In practice, using tensorflow_probability you can define p(features) using tfd.TransformedDistribution with tfb.RealNVP or tfb.Glow as bijector and p(targets|features) using a generalized linear model. To train the model the articles maximize the likelihood of the joint distribution p(targets, features) or slight modified variants of the likelihood.

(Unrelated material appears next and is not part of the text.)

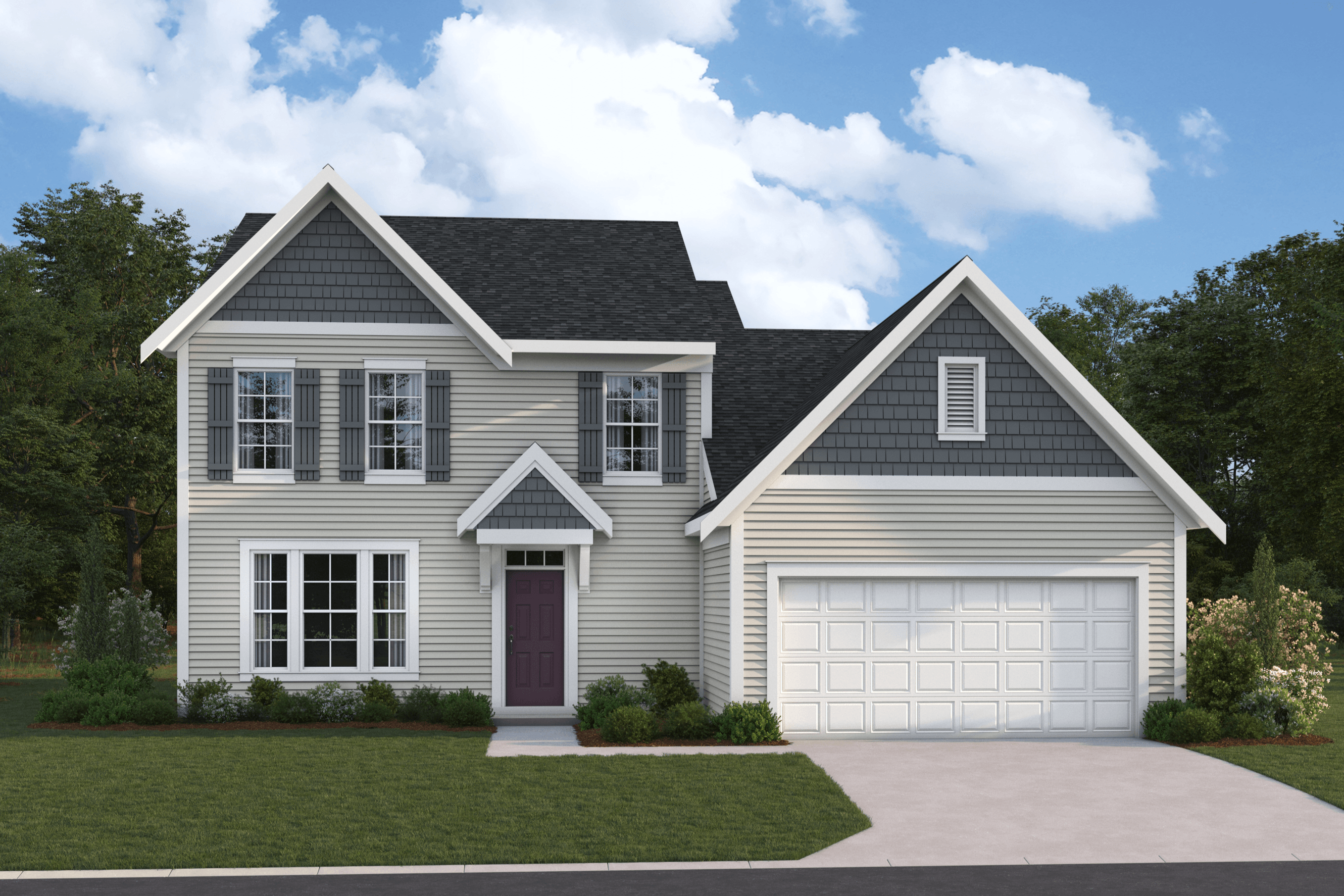 1104 Gatewick Court. Greenwood, IN 46143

My problem is that is can't figure out how to include in a tfd.JointDistribution an object of tfp.glm. I tried to include the generalized linear model with the as_distribution() method, like in this minimal example
import tensorflow_probability as tfp
tfb = tfp.bijectors
tfd = tfp.distributions
jd = JointDistributionNamedAutoBatched({
"x": tfd.MultivariateNormalDiag([0.,0.],[1.,1.]),
"y": lambda x: tfp.glm.Binomial().as_distribution(tfp.glm.compute_predicted_linear_response(x,[2.,3.]))
})
but if I call jd i recieve this error
ValueError: Shape must be rank 2 but is rank 1 for '{{node compute_predicted_linear_response/MatVec/MatMul}} = MatMul[T=DT_FLOAT, transpose_a=false, transpose_b=false](MultivariateNormalDiag/sample/chain_of_shift_of_scale_matvec_linear_operator/forward/shift/forward/add, compute_predicted_linear_response/MatVec/ExpandDims)' with input shapes: [2], [2,1].
And, last but not least, how can I pass GLM coefficients as trainable variables?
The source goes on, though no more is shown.